No thanks. What happened to him anyway? He deleted all of his social media accounts.

No she didn't :^)

He got doxed, at least that's what I've heard.

so is rebel really a tranny now?

The only thing I know is that they look cute in a skirt.

Talk about Kierkegaard, not e-celebs

What was Lukacs problem with him?

On Lukacs' interpretation, the dissolution of the Hegelian tradition meant radical irrationalism in Kierkegaard's works, since this more advanced irrationalism negates the social and historical dialectics that were present in Hegel. Lukacs defines it as qualitative dialectics substituting the Hegelian one, although in the analysis of the Hungarian author it lacks all determinations that make the dialectical method really dialectical. In the Danish thinker's views as interpreted by Lukacs, "he thus de-historicized and de-socialized Hegelian dialectics" to focus only on "the artificially isolated individual, the only existence that is relevant here." Conclusively, in Kierkegaard's views the objectivity of history becomes "pure fatalism" for human beings, since in the theater of history God is the only spectator. History is thus isolated from the individual and becomes irrational and senseless, and opposes reason; despair is the only adequate reaction to all these from the side of the individual. The criticism of Hegel from the angle of hegemony of subjectivity was mistaken, according to Lukacs' evaluation of Kierkegaard's contribution to philosophy. The Danish thinker also had doubts in approaching "objective reality," and so dialectics were turned into metaphysics and into formal logic.

Kierkegaard's role was once fundamental for Lukacs' concept of religious atheism and that opened the road for his secularized messianism. Atheism was a new form of religion on Lukacs' interpretation in his notes on Dostoevsky, since negating God could be the last step before faith. Regarding Kierkegaard's faith, the Hungarian author argues that religion withdraws more and more into the inner dimensions of the human being, and meanwhile science dominates a bigger part of the outside world. Faith can be saved only by the "inner realm" (Innerlichkeit), concludes Lukacs, and communicating it becomes impossible, as is expressed so powerfully in Fear and Trembling. Religion can be saved only by positing the singular above the universal as Abraham did, but in this way ethics is erased from religion and not dialectically negated, Lukacs concludes. An incognito is created in this process as the Hungarian thinker could well remember the conclusion of his own dilemmas some decades previous.

When discussing the system of Kierkegaard's thinking, Lukacs highlights the close similarity of the aesthetic and religious stages, since pure and final subjectivity is revealed in both.

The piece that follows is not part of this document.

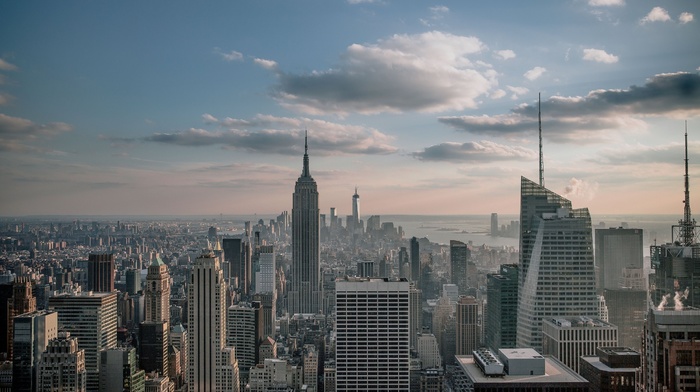 cityscape, building, photography, skyscraper, urban, New York City, city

He describes the aesthetic sphere as a mentality or behavior not necessarily as a work of art, and considers it to be the inheritance of Romanticism. The borderlines between the aesthetic and religious are washed away, and the ethical sphere may serve as only something transitory, leading from the premature phase to the only reality of solitary existence: religion. According to this logic, Christianity is neither doctrine nor teaching for Kierkegaard - since then it would be Hegelian - nor does it require community. The only characteristic of faith thus becomes the pure and final subjectivity, hiding the abyss of deep despair and final nihilism.

(cont.)

The space for human relationships is extremely limited in Kierkegaard's works, for example, the way marriage is presented in Either/Or. Social and historical determinations in general evaporate in his Weltanschauung. There is no connection between souls at all, and thus despair and irrationality are the dominate forces. Lukacs describes Kierkegaard's aesthetic stage as "anti-ethical," while religion by definition is "beyond ethics." The human being is isolated from the historical and social context, and so remains solitary and powerless.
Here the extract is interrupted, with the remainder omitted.